“I went out to kill MacLachan next day. I was having pretty good luck at it too, when Terry the Cop came in. They brought me back here and called the doctor, and MacLachan cried out of one eye, for the other was closed.”
I recalled the tailor's black eye. Further I recalled that when some other-world business had taken me to Fifth Avenue I had there encountered Mac (of all persons) in (of all places) a millinery store. The fragments of his conversation which I caught related to ostriches. To my inquiry he replied that he was pursuing a will-o'-the-wisp, and that it was a lawful occupation. The suspicion now lodged in my mind that Mac had been searching for a lost trail. Of this I said nothing to Leon.
“Sometimes at night,” the sick man went on, “when I am not longing to smash up all the world because I can't get out and find her, she comes and sits in the wicker chair, and I hear the pressure of her dear body against the withes, and I feel her breath in the silence, but she never speaks. Is she dead, do you think?”
I most emphatically declined to entertain any such hypothesis. As for the Gnome, it seemed that he soon might be. The Little Red Doctor's visits grew more frequent, and his brow more corrugated, and his eyes more perplexed. Once he went so far as to observe in my hearing that nature could go just about so far without sleep and then it cracked.
“Through that crack,” he remarked, “enters sometimes my old friend, Death, sometimes madness. Let's pray that it won't be madness in the Gnome's case.”
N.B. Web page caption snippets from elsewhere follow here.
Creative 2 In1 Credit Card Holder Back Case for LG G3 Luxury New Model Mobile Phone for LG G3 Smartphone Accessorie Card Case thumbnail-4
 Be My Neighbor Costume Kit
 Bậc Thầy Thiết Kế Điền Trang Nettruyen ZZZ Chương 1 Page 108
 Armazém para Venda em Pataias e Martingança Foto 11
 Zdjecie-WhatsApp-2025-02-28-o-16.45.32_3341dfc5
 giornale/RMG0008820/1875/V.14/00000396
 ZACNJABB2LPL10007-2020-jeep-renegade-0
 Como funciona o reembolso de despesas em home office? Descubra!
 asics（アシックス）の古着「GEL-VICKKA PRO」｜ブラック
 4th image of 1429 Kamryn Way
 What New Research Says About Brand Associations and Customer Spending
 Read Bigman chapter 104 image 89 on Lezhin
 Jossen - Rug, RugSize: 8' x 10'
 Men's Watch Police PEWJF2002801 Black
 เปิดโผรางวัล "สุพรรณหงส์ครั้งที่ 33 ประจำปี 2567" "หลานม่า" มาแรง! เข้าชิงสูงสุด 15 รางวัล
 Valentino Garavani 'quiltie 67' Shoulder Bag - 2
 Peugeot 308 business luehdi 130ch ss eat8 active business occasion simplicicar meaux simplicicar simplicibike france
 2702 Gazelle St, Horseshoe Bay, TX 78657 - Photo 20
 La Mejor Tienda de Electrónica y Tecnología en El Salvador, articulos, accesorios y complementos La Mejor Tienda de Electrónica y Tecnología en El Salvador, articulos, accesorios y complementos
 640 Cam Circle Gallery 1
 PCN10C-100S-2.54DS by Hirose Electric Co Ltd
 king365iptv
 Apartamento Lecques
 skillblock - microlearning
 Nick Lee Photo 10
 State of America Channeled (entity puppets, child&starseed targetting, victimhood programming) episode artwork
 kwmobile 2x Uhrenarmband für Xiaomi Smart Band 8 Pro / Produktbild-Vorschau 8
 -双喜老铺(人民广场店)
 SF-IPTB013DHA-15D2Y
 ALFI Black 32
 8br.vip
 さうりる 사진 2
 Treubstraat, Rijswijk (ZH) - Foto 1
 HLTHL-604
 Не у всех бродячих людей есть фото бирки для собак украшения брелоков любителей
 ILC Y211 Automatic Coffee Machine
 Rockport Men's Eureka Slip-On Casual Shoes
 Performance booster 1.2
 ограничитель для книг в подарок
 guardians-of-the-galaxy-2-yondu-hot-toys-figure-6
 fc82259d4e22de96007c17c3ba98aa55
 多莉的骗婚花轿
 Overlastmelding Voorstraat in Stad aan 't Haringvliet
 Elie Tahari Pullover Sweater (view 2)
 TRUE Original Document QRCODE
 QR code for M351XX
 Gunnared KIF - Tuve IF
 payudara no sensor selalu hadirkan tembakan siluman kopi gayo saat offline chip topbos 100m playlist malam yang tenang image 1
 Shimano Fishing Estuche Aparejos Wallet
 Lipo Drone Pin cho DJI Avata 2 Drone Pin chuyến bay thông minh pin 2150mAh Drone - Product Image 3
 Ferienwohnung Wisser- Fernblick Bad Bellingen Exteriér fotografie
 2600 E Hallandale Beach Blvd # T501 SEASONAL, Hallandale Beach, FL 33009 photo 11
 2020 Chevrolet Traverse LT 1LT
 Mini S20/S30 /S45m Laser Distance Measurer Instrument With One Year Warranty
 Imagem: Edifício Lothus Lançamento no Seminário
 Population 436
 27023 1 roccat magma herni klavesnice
Indications seemed to point in that direction, however. Leon's association with the spirit of the chair became closer and more constant. Night after night I heard him murmuring in the darkness, and the soft creak and rustle and whisper of the chair in reply, until the hairs of my neck quivered.
There came a night when the heat broke under a pressure of wild wind and rain from the northwest that swept Our Square like an aerial charge. It whirled me, breathless, into No. 7, and pursued me up the stairs, puffing out the light at the top. The Gnome was working. Beside him on a stand rustled a little pile of checks, weighted down.
“I'm going to leave a legacy,” he said gayly. “Will you be my executor? You'll have to find Her, you know.”
“Ask me ten years from now, if I'm alive,” I answered. “What's to-night? Reading?”
“Sleep, for you. You look done up. Take the couch and a blanket.”